James Joyce first met his future wife, Nora Barnacle on June 16, 1904, in Dublin. Their first encounter was definitely memorable and a little on the “risque” side. I’ll let the first two pages of O’Connor’s book fill you in on all the juicy details. This date also marks the start of Joyce’s book, Ulysses, for which Barnacle was his muse, and Bloomsday, which is celebrated every year in Ireland to celebrate Joyce’s writing. Though they were not married until much later in their relationship, they lived like a married couple and had two children together.
Don’t cry, Nora, when we reunite, I want your eyes to glow. Take me in your arms, feel tenderness for me, and lead me right. Look well for me, dear-have your hair clean and free of ashes, it’s not right to look slovenly at twenty-five young years! Have something warm to eat ready for us, won’t you? Let me feel happy from the moment I arrive, dearest. I shall want a good cup of coffee in a nice little cup. Have a salad for me, but don’t let onions or garlic into the house. And, Nora, don’t, in your first words to me, mention money or debts, please.
James Joyce (often referred to as Jim) was a tall order if I do say so myself. Like so many, he lived for his writing and was determined to make it big, no matter the cost. Nora was a Saint in my opinion. She endured moving around Europe with their two kids to accommodate his writing. She dealt with his constant drinking and financial irresponsibility. She stayed by his side through all of his eye surgeries and health issues.

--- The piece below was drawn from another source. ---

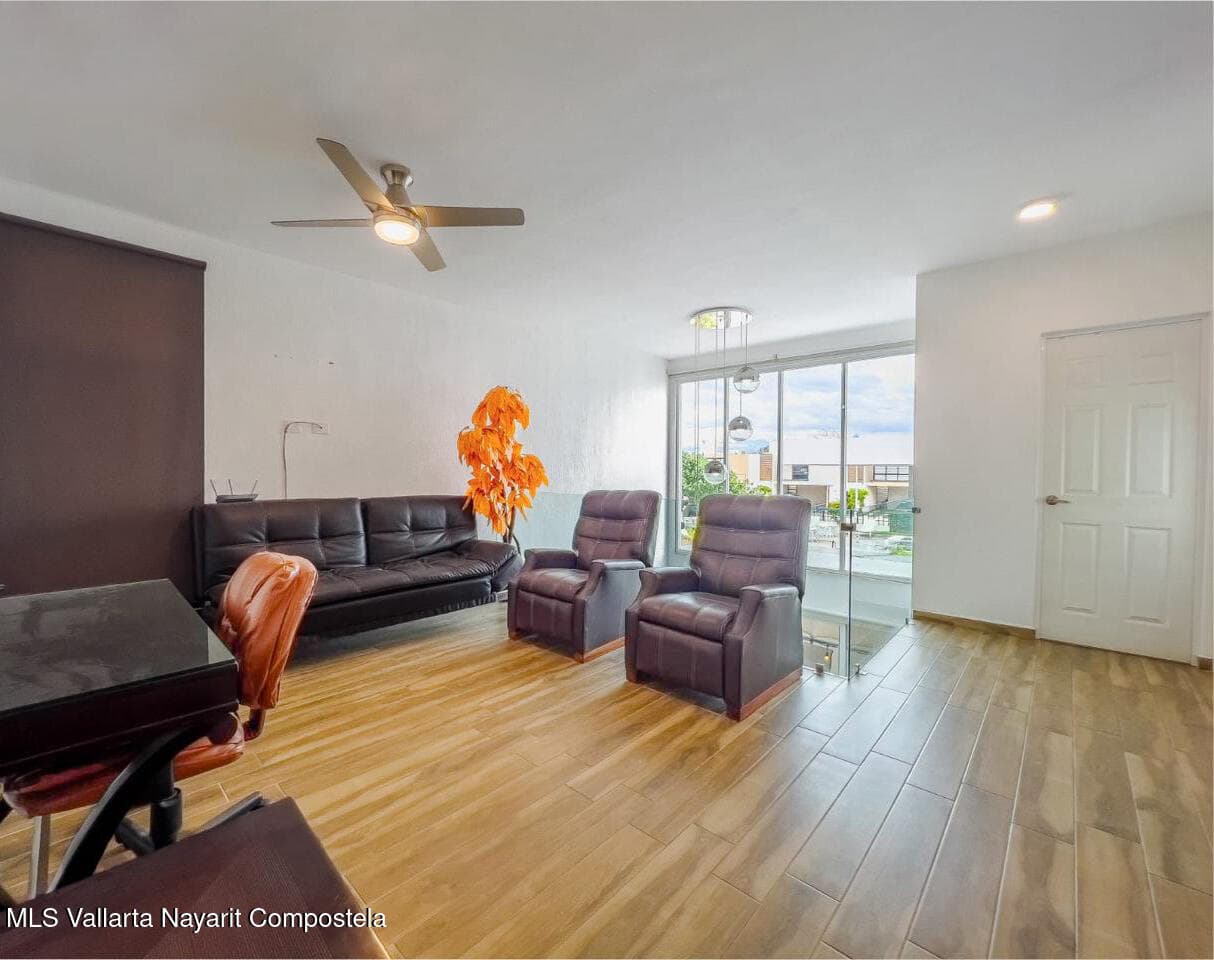 1208 Mantua 12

She embraced the fame from his writing while managing her growing children. She struggled with her son’s marriage and her daughter’s mental illness. However, even though she and Joyce didn’t always see eye to eye, they had some fiery chemistry that was hard to deny and I believe they truly loved each other.
Before reading O’Connor’s book, I didn’t know much about James Joyce, let alone Nora Barnacle. I even visited the James Joyce Centre in Dublin in my 20s and found his writing super boring. I am quite a bit older now and would be willing to give his work another shot after reading O’Connor’s book. She really brought to life Nora and James’ relationship in her story. From Ireland to Trieste, to Zurich, to Paris, I felt like I traveled all over Europe with these two. I particularly enjoyed bumping into Silvia Beach at her beloved bookstore, Shakespeare and Company in Paris. Just saying. O’Connor had me consumed with Nora and Jame’s life, beset with their family unit, and in awe of Nora’s constant strength and perseverance, even during the darkest of times. There is a zero percent chance that James Joyce could have reached literary success without Nora by his side. He was blessed to have her.
I loved, loved, loved this book to pieces. I literally gave it the biggest hug when I finished it. My only regret is not reading it sooner. It is everything and then some and will always have a permanent spot on my bookshelf. I am now on the hunt to find out more about Nora Barnacle and her darling Jim Joyce. Wish me luck.
Your Biggest Fan,
P.S. Did I mention that I ran into your first wife Hadley in this book. If I am not mistaken, it was at Peggy Guggenheim’s party. I feel bad saying this, but the talk of your behavior wasn’t all that great that evening. Nevertheless, it was a brief encounter so no need to dwell on the past.